● DATA
··········
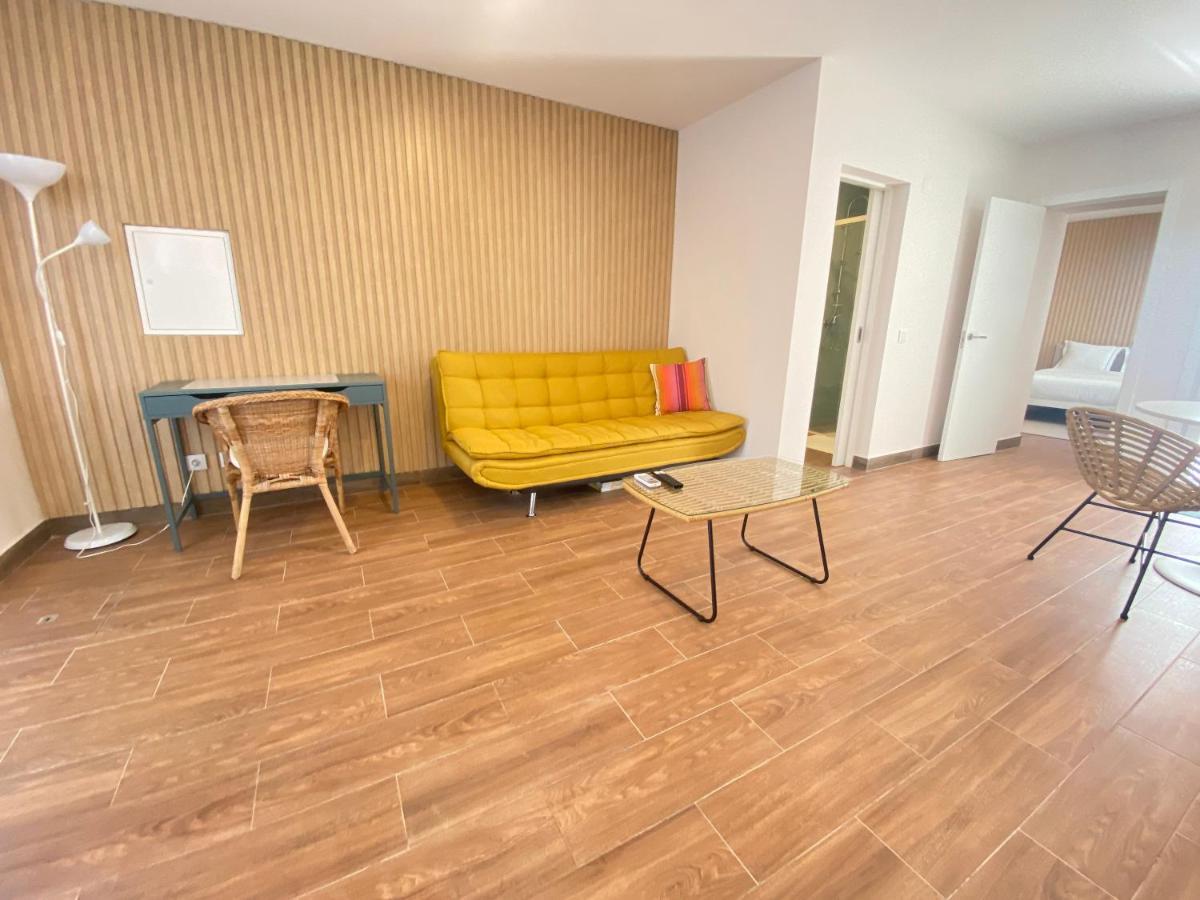 Setubal Beach Vibes - Patio Extérieur photo
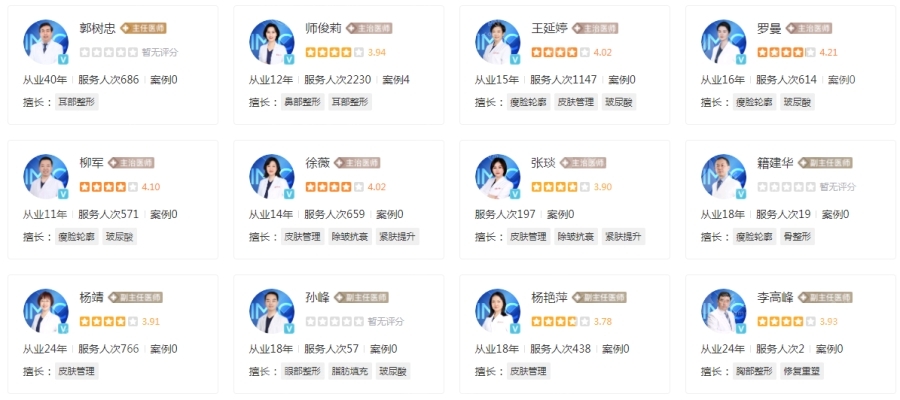 西安國際醫(yī)學(xué)中心醫(yī)院整形美容怎么樣？正規(guī)嗎?醫(yī)生簡介及地址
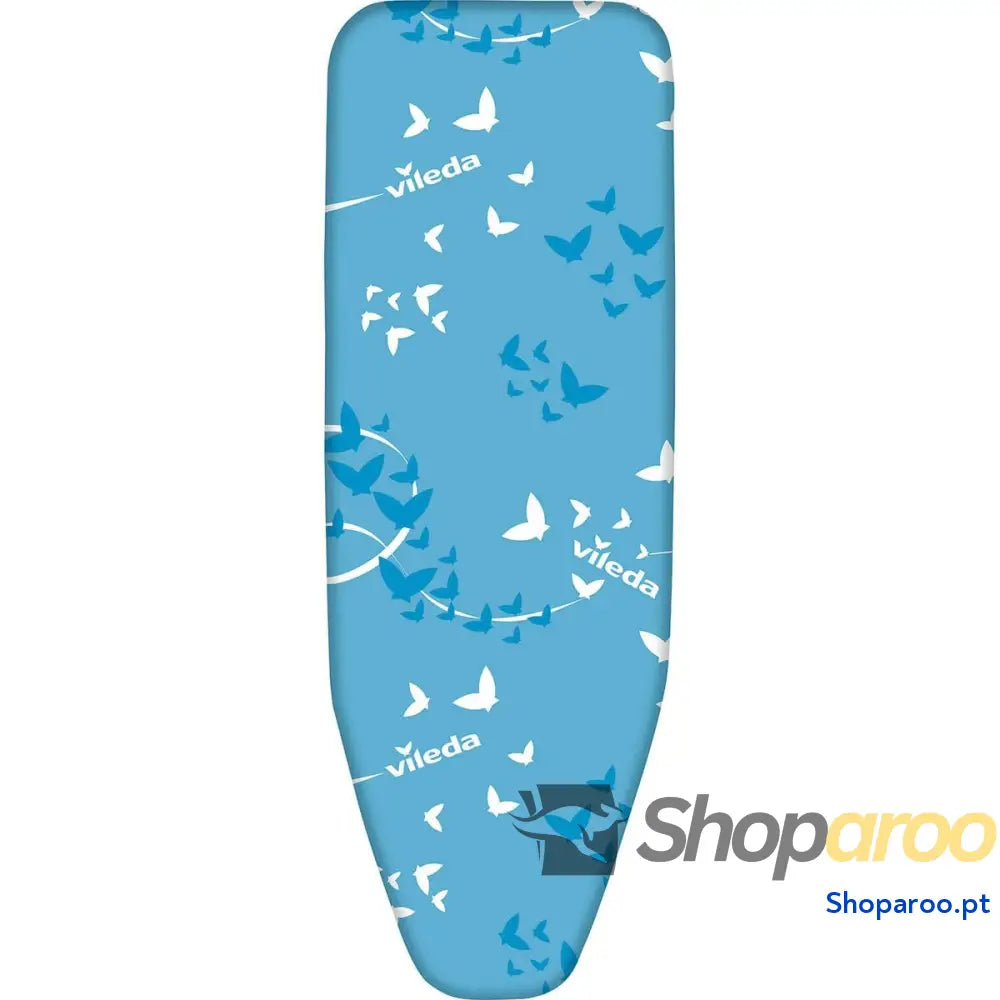 Capa para Tábua de Passar a Ferro Vileda 163255 Comfort Plus Azul (130 x 45 cm)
··········
● DIRECTIONS
Repeat every line above exactly, but omit all images.

● SOLUTION TO THIS PROBLEM
 Setubal Beach Vibes - Patio Extérieur photo
 西安國際醫(yī)學(xué)中心醫(yī)院整形美容怎么樣？正規(guī)嗎?醫(yī)生簡介及地址
 Capa para Tábua de Passar a Ferro Vileda 163255 Comfort Plus Azul (130 x 45 cm)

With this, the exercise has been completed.